**Recorded data:**
───
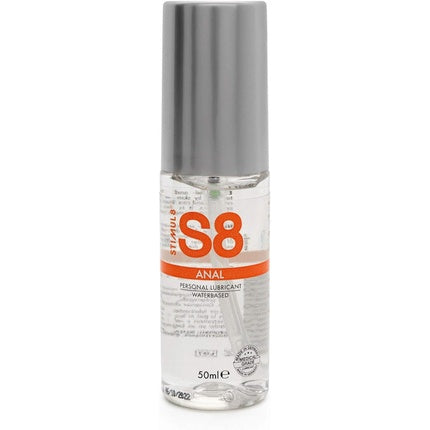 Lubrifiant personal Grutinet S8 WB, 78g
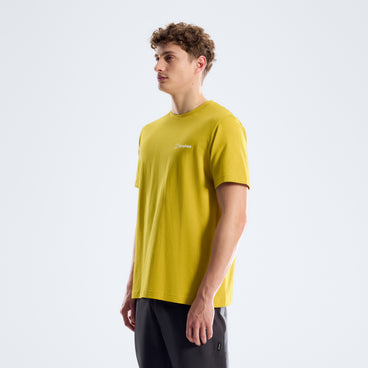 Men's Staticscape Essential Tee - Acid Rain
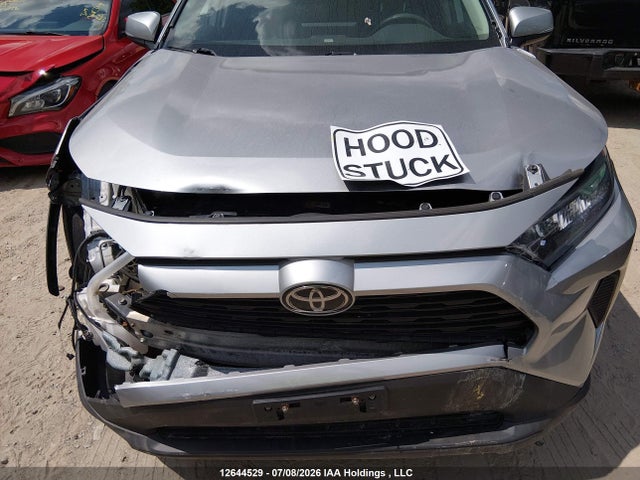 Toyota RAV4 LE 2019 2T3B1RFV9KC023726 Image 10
───
**Directions:** Leave every picture out, and transcribe the data above exactly as it reads.

**Expected output:**
 Lubrifiant personal Grutinet S8 WB, 78g
 Men's Staticscape Essential Tee - Acid Rain
 Toyota RAV4 LE 2019 2T3B1RFV9KC023726 Image 10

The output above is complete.